This would not have been Toronto's first choice. Edwin Encarnacion was the Blue Jays' top priority at the start of free agency, and William Fowler quickly became a prime target as well. If the Blue Jays had signed either player they would have been out on Bautista, but since they didn't, there's still money to spend and roster holes to fill.
Bautista is the best available bat to fill Toronto's needs. His range in right field has diminished, but he could probably play there for one more year while also seeing a little bit of time at first base and DH. Reinserting his bat into a lineup that features Josh Donaldson, Kendrys Morales and Troy Tulowitzki also would greatly improve the Blue Jays' chances in the AL East.
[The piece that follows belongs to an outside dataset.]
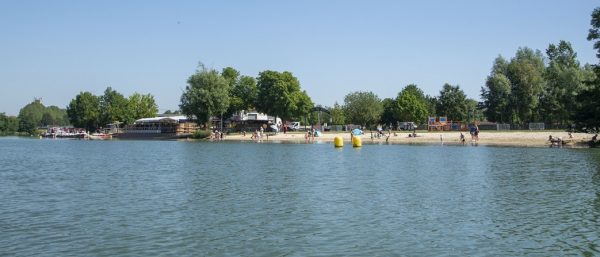 Im Sommer: Baden und Wassersport in Meaux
From Bautista's perspective, a one-year deal isn't ideal, but it would allow him to re-enter free agency next offseason without a qualifying offer hanging around his neck. Teams have been reluctant to part with a Draft pick to sign him, but Bautista won't face a similar problem next winter because of changes to the Collective Bargaining Agreement, which stipulates that a player cannot receive a QO more than once in his career.
The only way Bautista can avoid the Draft-pick situation this year is to wait until June to sign. That's an extremely risky scenario and one that typically has not paid off for other players. It's in Bautista's best interest to start the year on time, and while the Blue Jays might want that compensatory pick, it becomes a moot point if Bautista can't find an acceptable deal elsewhere.